Differential expression of endothelial nitric oxide synthase in coronary and cardiac tissue in hypoxic fetal guinea pig hearts

Yafeng Dong, Loren P Thompson
Journal of the Society for Gynecologic Investigation 2006, 13 (7): 483-90

OBJECTIVE: The purpose of the present study was to quantify the effect of chronic hypoxia on endothelial nitric oxide synthase (eNOS) gene and protein expression of fetal coronary artery segments and cardiac tissue of fetal guinea pig hearts.

METHODS: Time-mated pregnant guinea pigs (term = 65 days) were housed in room air (NMX, n = 6) or in a hypoxic chamber containing 10.5% O2 for 14 days (HPX14, n = 6). At near term (60 days gestation), fetuses were excised from anesthetized animals via hysterotomy and hearts were removed and weighed. Both coronary artery segments and cardiac ventricle were excised from the same hearts, frozen, and stored at -80 C until ready for study. eNOS mRNA was quantified using real-time polymerase chain reaction (PCR) based on SYBR Green I labeling (BioRad Laboratories, Hercules, CA) using eNOS primers obtained from GeneBank normalized to 18S. eNOS proteins were quantified by Western immunoblotting using eNOS antibody (1:200) and normalized to normoxic controls. eNOS cell-specific localization in the fetal guinea pig heart was performed by double immunofluorescence staining.

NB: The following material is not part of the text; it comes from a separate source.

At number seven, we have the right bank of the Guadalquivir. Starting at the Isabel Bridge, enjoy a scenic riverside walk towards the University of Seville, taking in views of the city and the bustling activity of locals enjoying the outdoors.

RESULTS: Both coronary artery endothelial cells (EC) and cardiomyocytes (CM) but not vascular smooth muscle cells of normoxic hearts exhibited positive immunostaining of eNOS protein. Chronic hypoxia significantly (P < .05) increased both eNOS mRNA and protein levels of coronary artery segments (by 210.6% and 51.4%, respectively) but decreased (P < .05) mRNA and protein of cardiac tissue (by 50.0% and 40.6%, respectively) in the same hearts.

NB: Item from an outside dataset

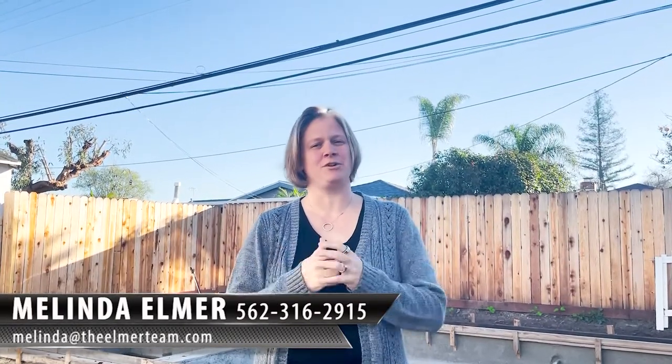Hi, I'm Melinda Elmer with Century 21 Masters and the Elmer team, coming to you today from my backyard. As you may see, I'm actually in the process of putting in a pool, so I thought I'd share a few tips of things I've learned along the way.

CONCLUSIONS: Chronic fetal hypoxia, after 14 days, induces sustained changes in eNOS gene and eNOS protein expression that differ between coronary and cardiac tissue in the fetal guinea pig heart. This study suggests that while the functional roles of altered eNOS expression in hypoxic fetal hearts remain unclear, the site at which eNOS expression is altered may be important in the adaptive response of the fetal heart to hypoxia.